I state my perceived problem in my first paragraph, loaba. I'm not looking for an official errata to the rules here, nor even for a universally popular house rule. I just want to tweak things a bit and get some advice from people who know the rules cold.

Please tell me what effects you think this change would have in the context of that first paragraph problem?
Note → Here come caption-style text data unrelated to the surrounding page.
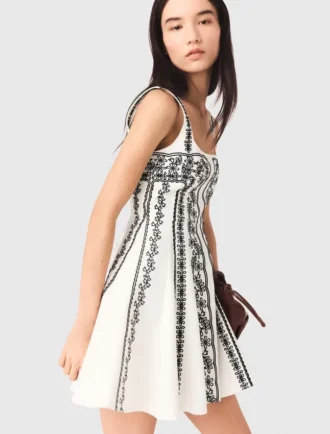 Vestido mini con tirantes bordados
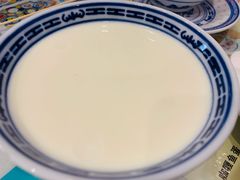 招牌姜撞奶任意配-广信牛奶甜品世家(台东店)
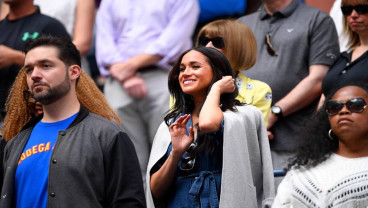 Makna ‘H’ dan  ‘A’ di Kalung Emas Meghan Markle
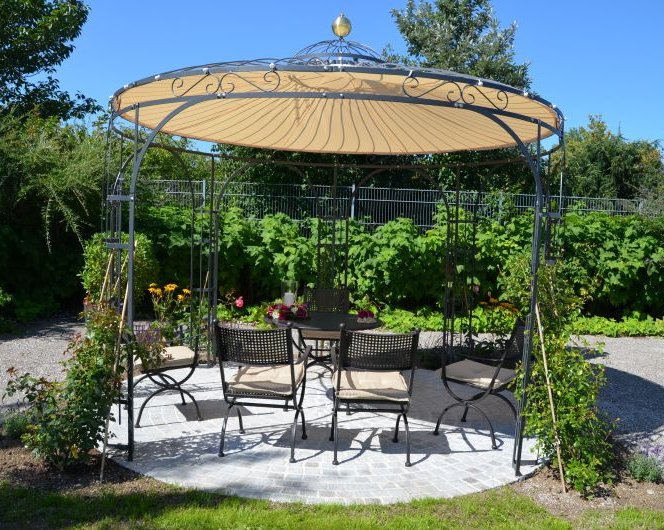 Pavillon neben dem Mercateum in Königsbrunn für standesamtliche Trauungen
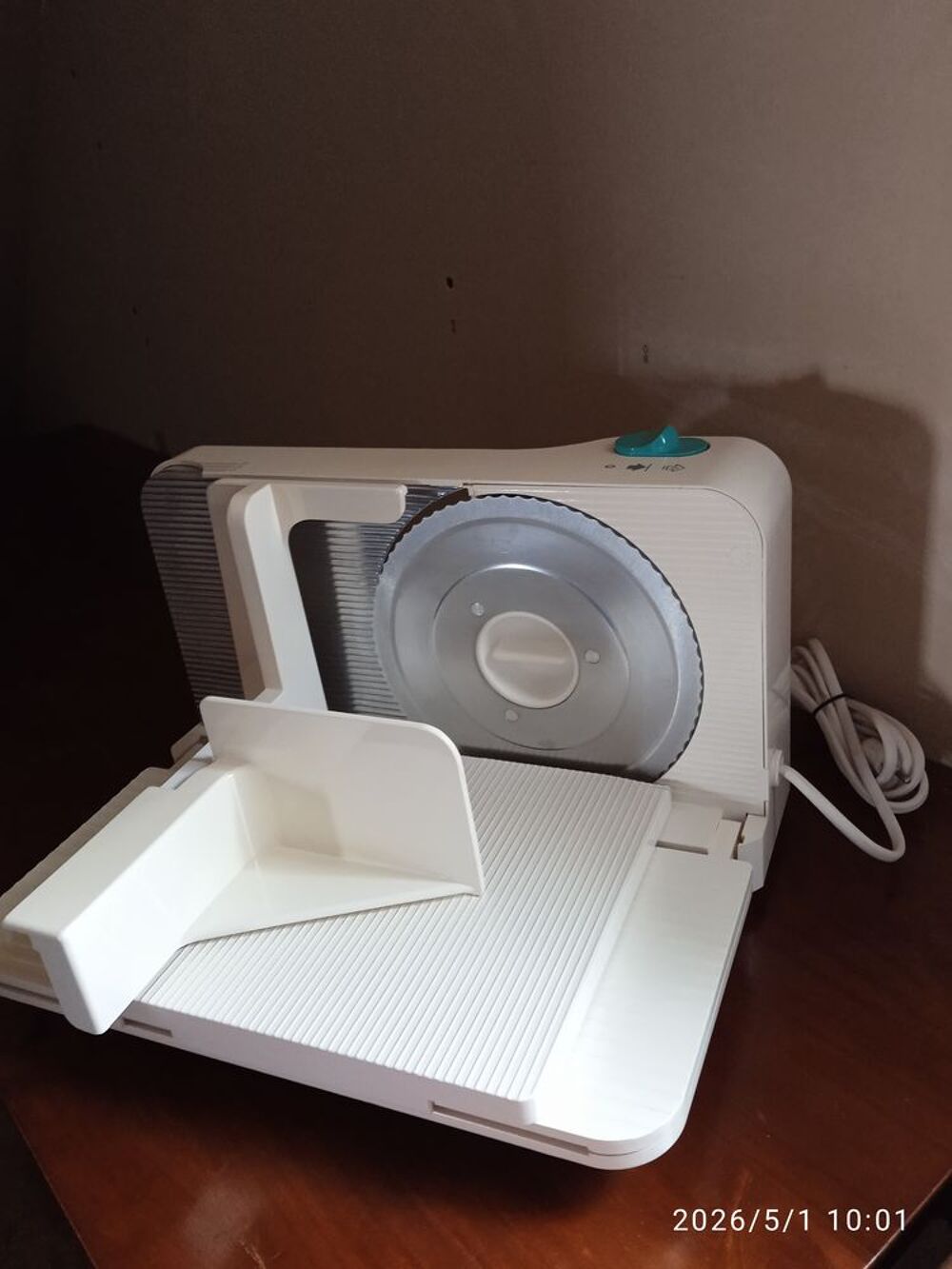 trancheuse &eacute;lectrique soit pain ou viande Electroménager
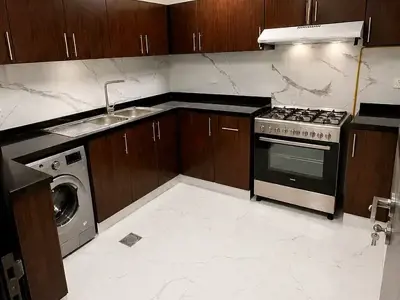 Master Room in Al Muraqqabat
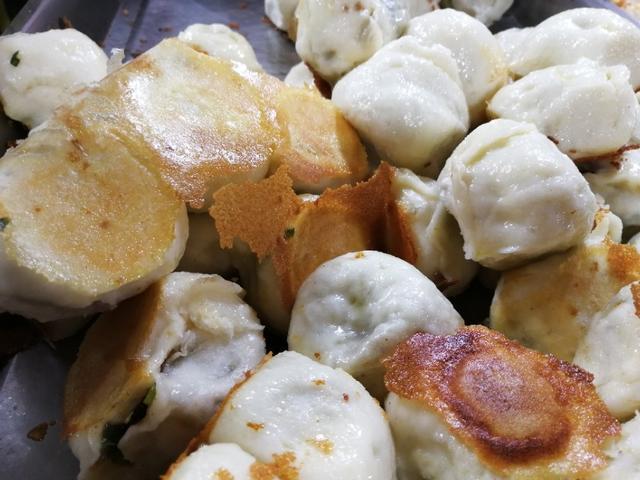 郑州街头那么多打着永城牌的牛肉水煎包你更喜欢咧哪一个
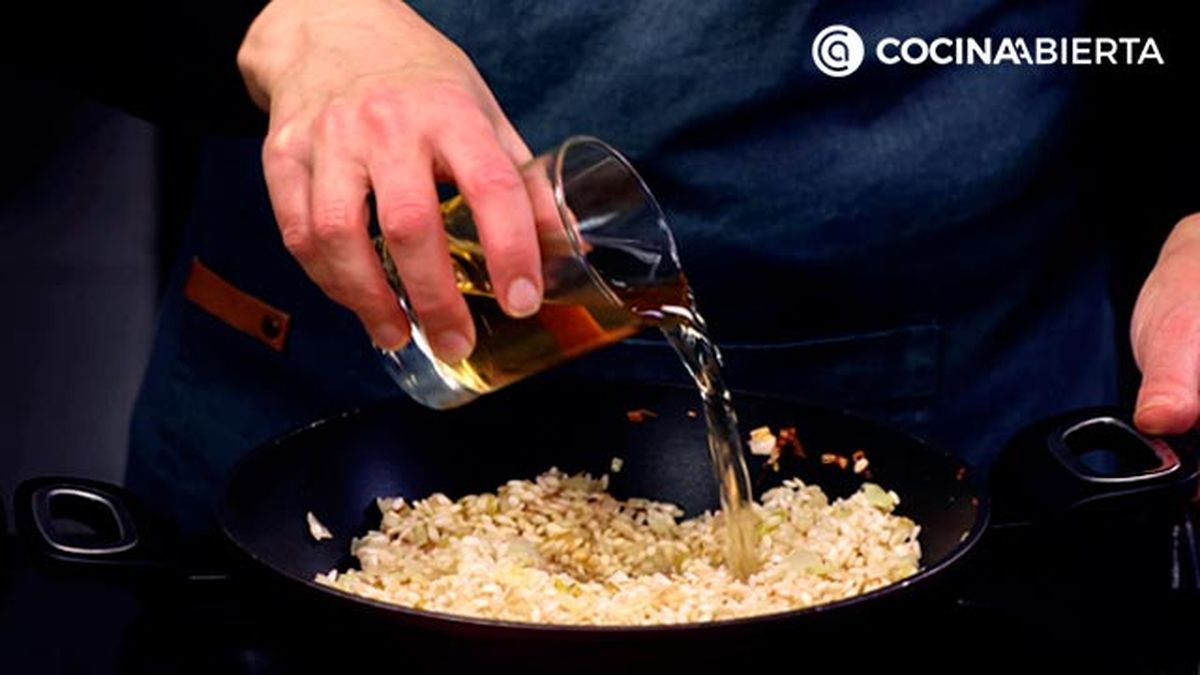 CTIS0896 receta risotto rojo de remolacha paso 3 ca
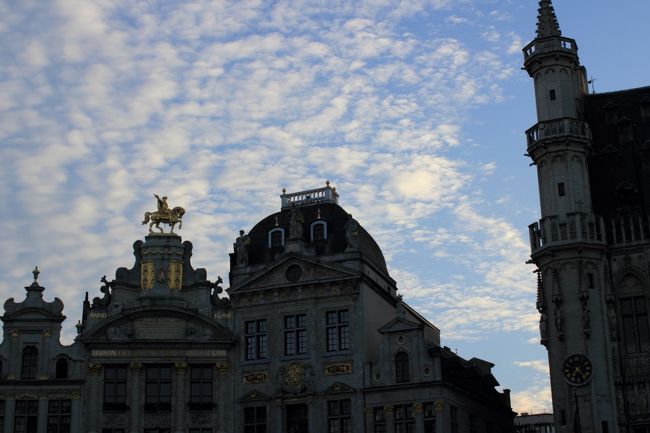 8時からのコンサートに備え、一度ホテルへ。<br /><br />大分空が暗くなってきました。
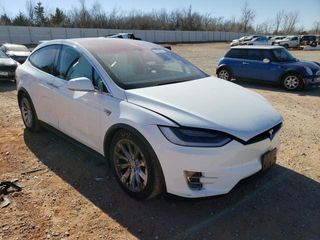 Tesla Model X foto 1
I'm actually in full agreement with you Evil Lincoln. I've made a good number of additional changes in favor of melee characters (Such as making cleave able to target ANYBODY within reach, rather than people within reach that are adjacent to one another, and permitting a 'lesser cleave' as a natural ability/baseline mechanic that allows characters to carry leftover damage from a swing after killing a target to another target within reach)

How does it change the game? It makes combat more dynamic and interesting. It frees melee types up to take more feats and do more useful things. In my opinion it's an excellent houserule.


james maissen wrote:
Evil Lincoln wrote:


One solution I'm considering is making a selection of feats "free".

Not sure that I would include lunge, but I certainly would include 'heighten spell'.. in fact I wouldn't consider it a metamagic feat at all, just a function of casting using a higher slot.

-James

This is a good change, and something I've done for over a year now. It just makes sense, and it's a little bone to throw the casters after all the non-caster buffs I make lol.